Exercise prompt – Your output should be exactly the lines from the one containing "Superior Triple Room with Sea View Photo 1" through the final line of the records, both included, with every picture left out.

[Captioned web images]
------------------------------------------------

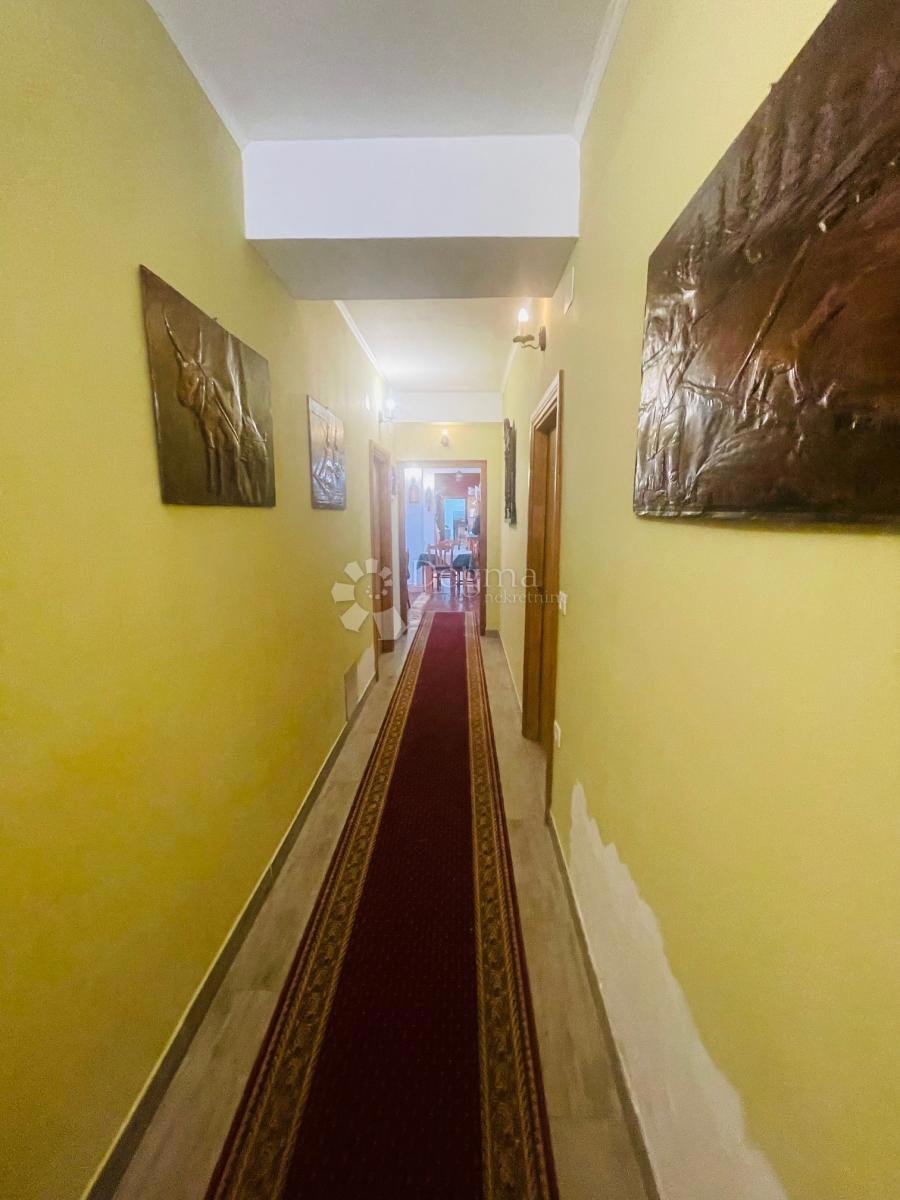 Albergo Buje, 1.229m2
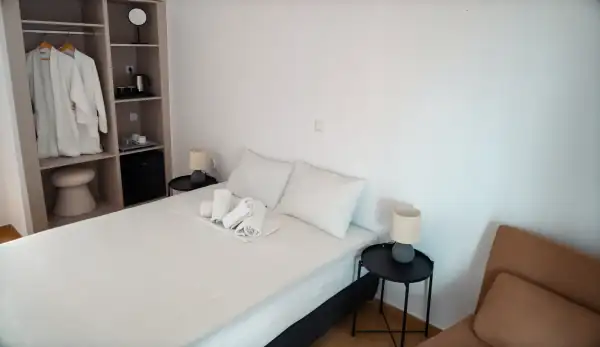 Superior Triple Room with Sea View Photo 1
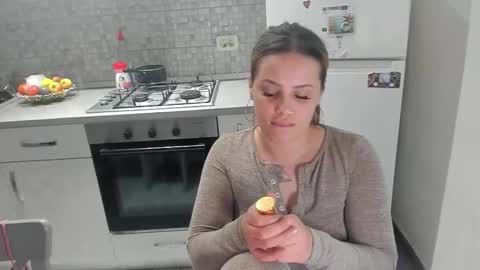 ellslimdoll online show from 03/25/26, 08:37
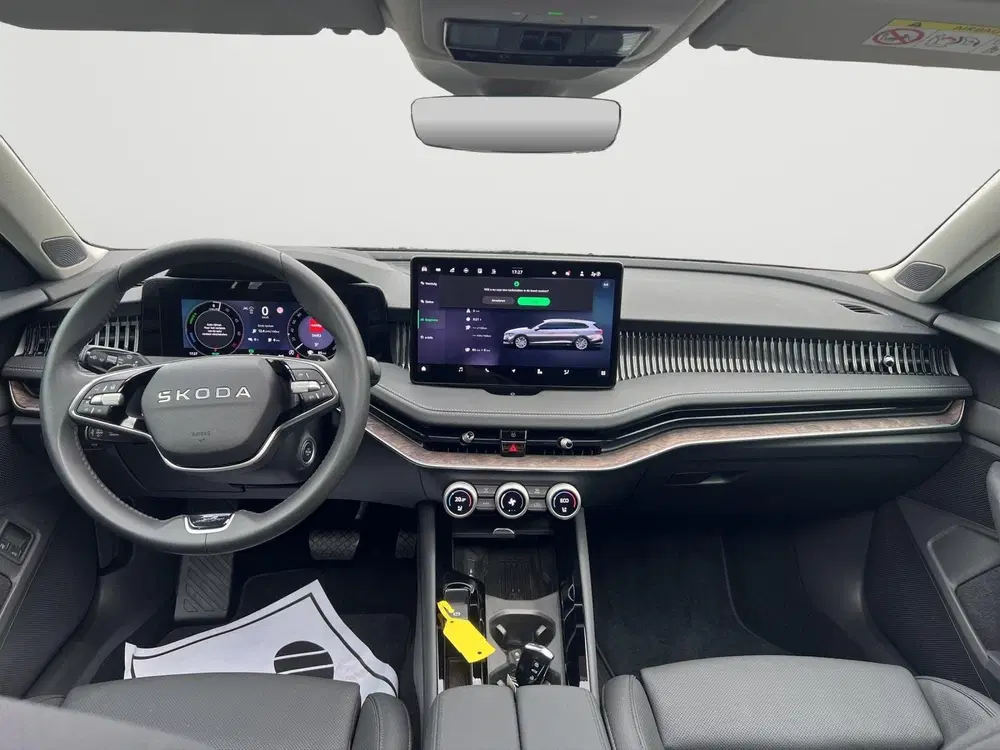 Skoda Superb 1.5 TSI PHEV L & K uit 2025, foto 4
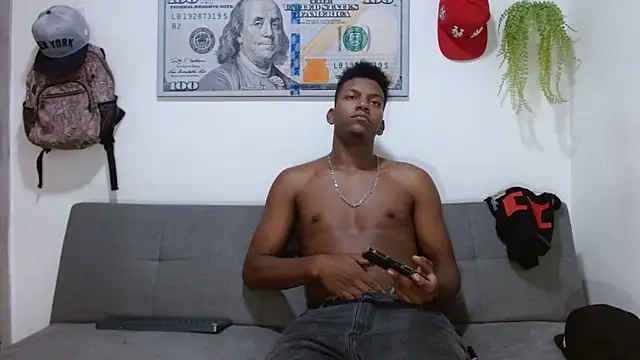 Snapshot of boss_of_cash chatting on 05/15/26, 04:30 boss of cash online show from 05/15/26, 04:30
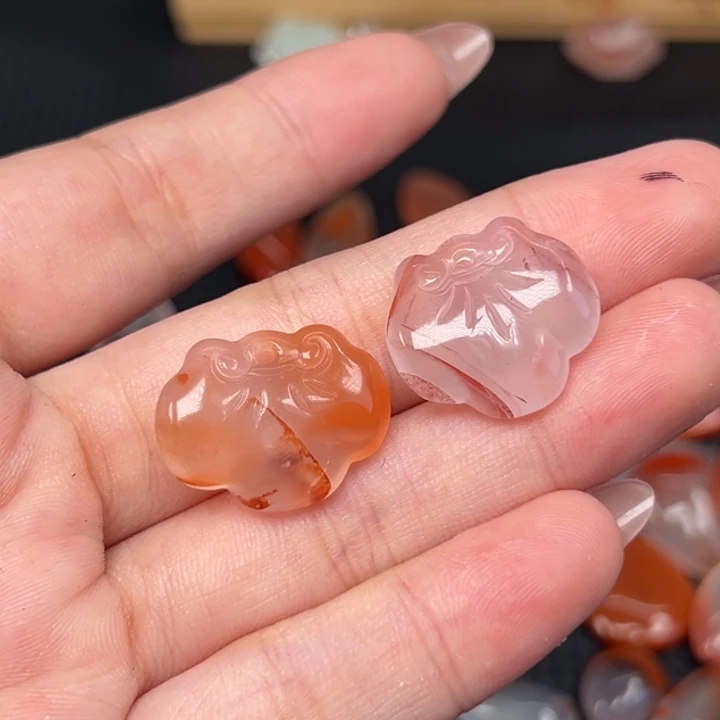 吊坠(不含链)未镶嵌南红玛瑙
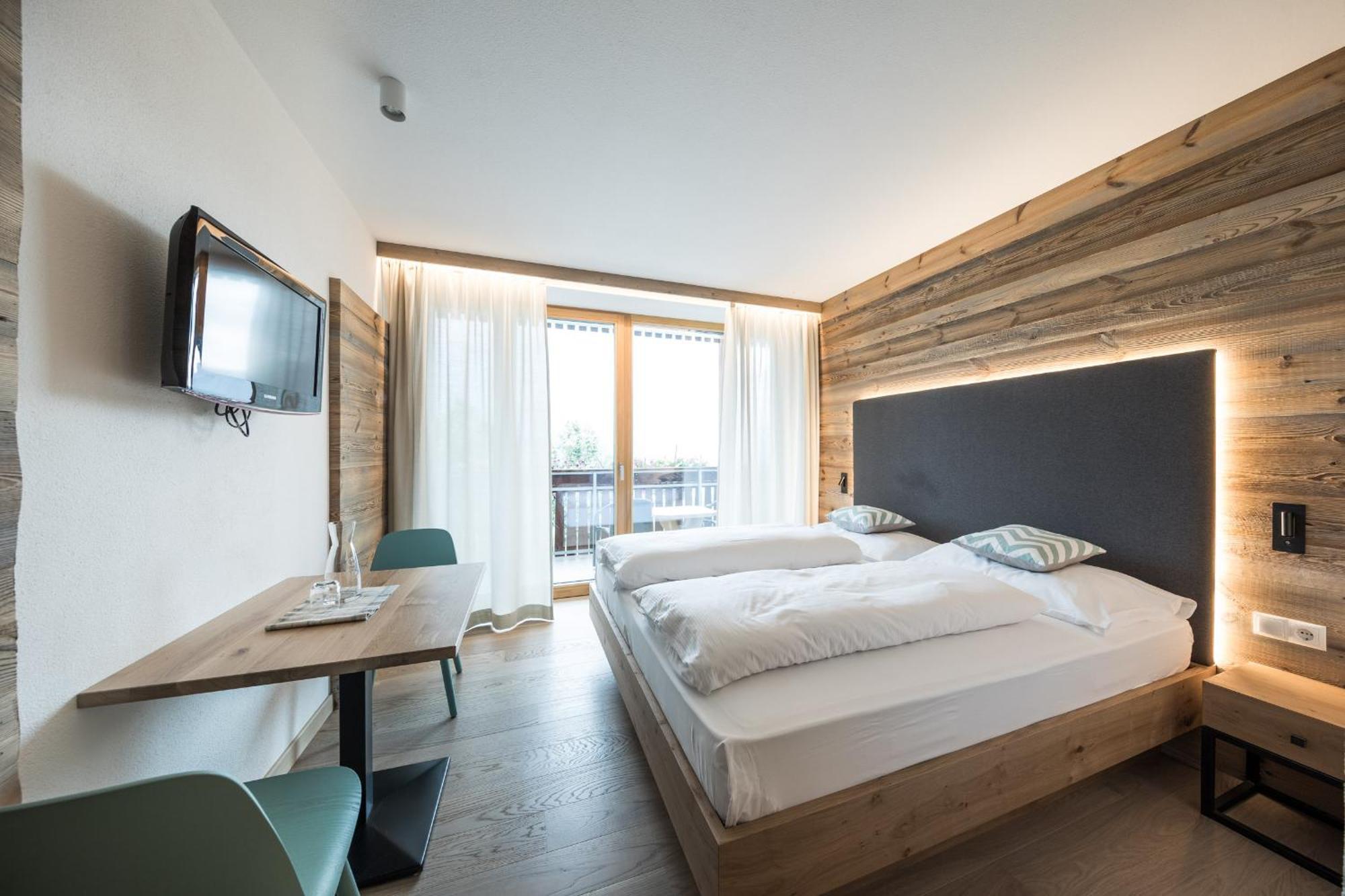 Hotel Petrus Brunico Dış mekan fotoğraf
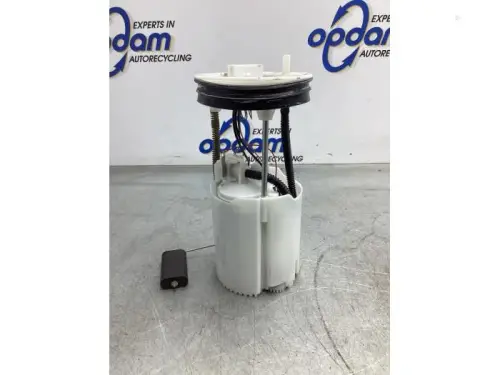 Benzinepomp-7976377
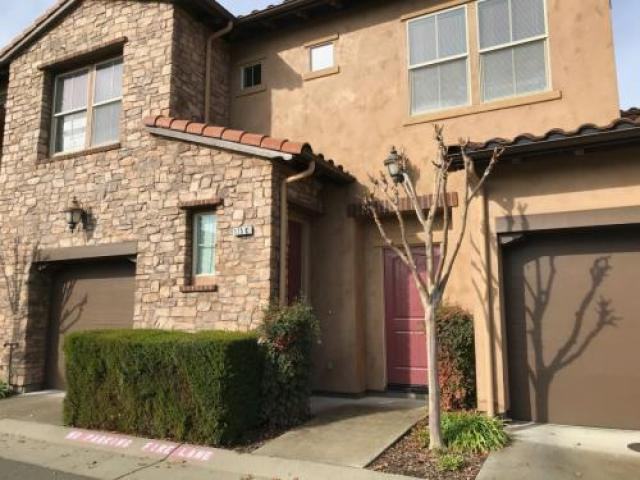 175 Stonegate Cir - Photo 2 of 6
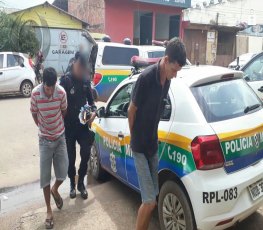 DISPAROU: PM à paisana prende dupla que roubou moto com alarme em motel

------------------------------------------------

Reply to the exercise –
 Superior Triple Room with Sea View Photo 1
 ellslimdoll online show from 03/25/26, 08:37
 Skoda Superb 1.5 TSI PHEV L & K uit 2025, foto 4
 Snapshot of boss_of_cash chatting on 05/15/26, 04:30 boss of cash online show from 05/15/26, 04:30
 吊坠(不含链)未镶嵌南红玛瑙
 Hotel Petrus Brunico Dış mekan fotoğraf
 Benzinepomp-7976377
 175 Stonegate Cir - Photo 2 of 6
 DISPAROU: PM à paisana prende dupla que roubou moto com alarme em motel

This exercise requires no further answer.